» **TASK TO CARRY OUT**:
The answer must be an exact copy of the lines from the one with "DITSY REJECT SALE SEPTEMBER 2022" through the final line below, with no pictures and nothing else.

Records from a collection
***
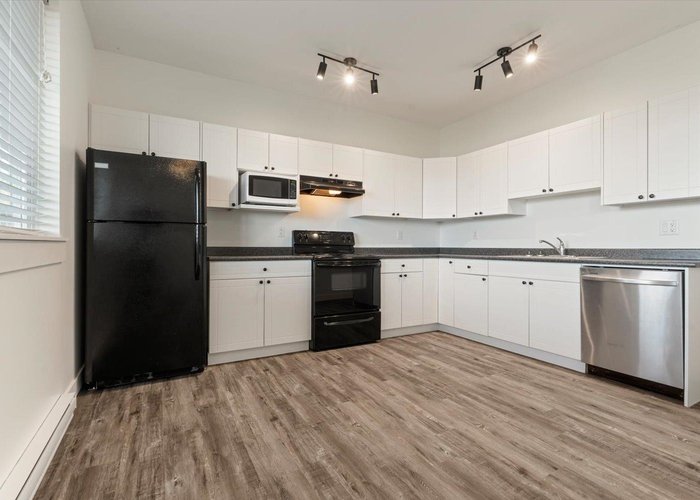 47458 Wittenberg Place, Chilliwack, BC V2R 0L3 |  Photo 63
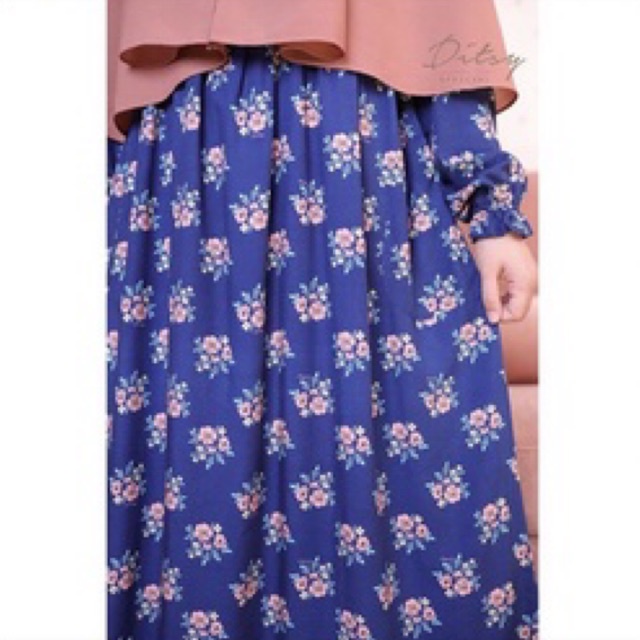 DITSY REJECT SALE SEPTEMBER 2022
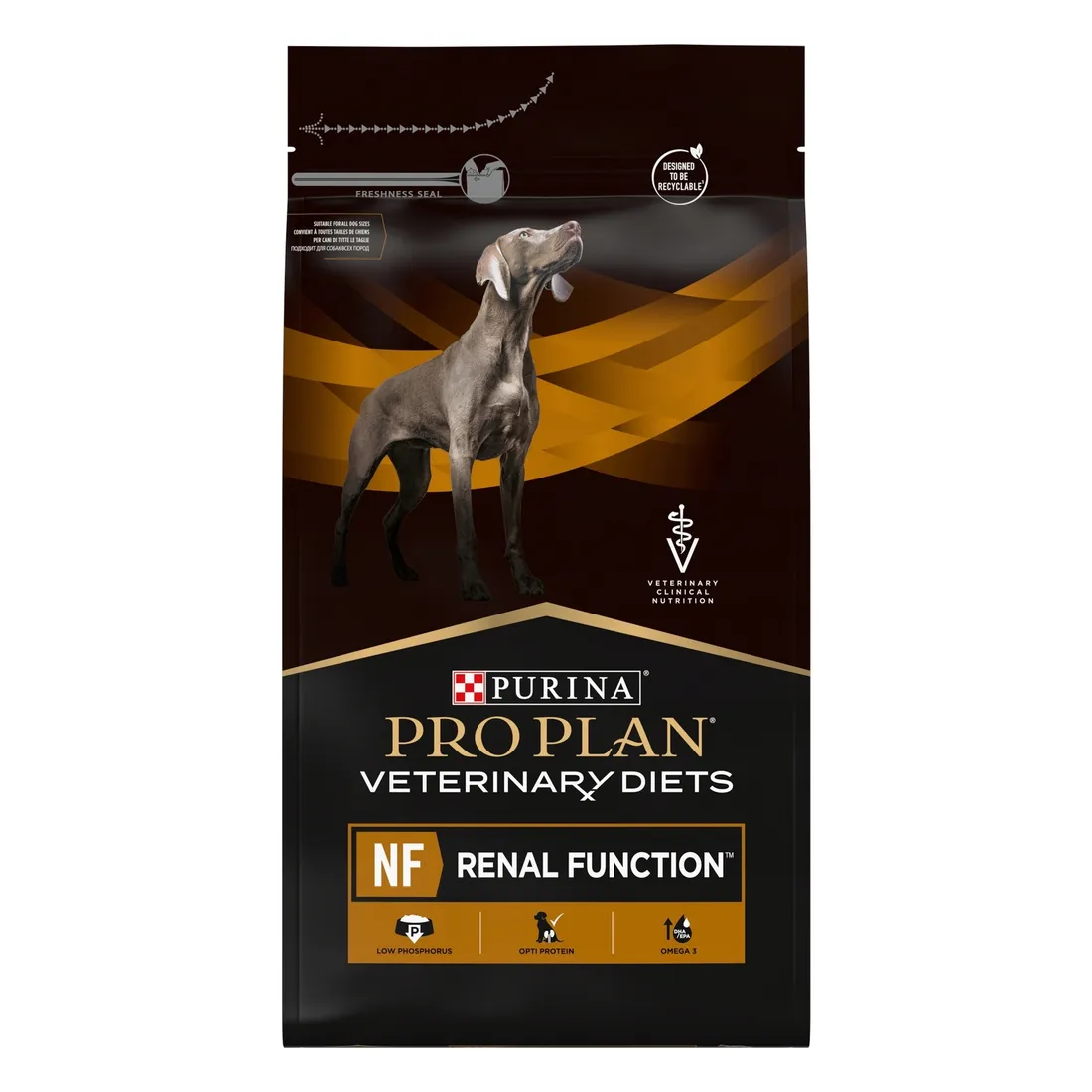 purina-pro-plan-veterinary-diets-nf-renal-function-3kg-marka-pro-plan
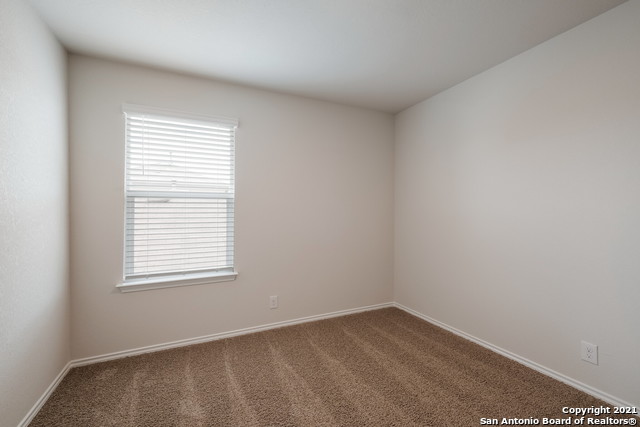 Listing photo id 20 for 6015 Bowie Mountain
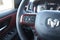 2026 RAM 1500 Rebel 4x4 Crew Cab 5'7 Box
***
» **EXERCISE SOLUTION**:
 DITSY REJECT SALE SEPTEMBER 2022
 purina-pro-plan-veterinary-diets-nf-renal-function-3kg-marka-pro-plan
 Listing photo id 20 for 6015 Bowie Mountain
 2026 RAM 1500 Rebel 4x4 Crew Cab 5'7 Box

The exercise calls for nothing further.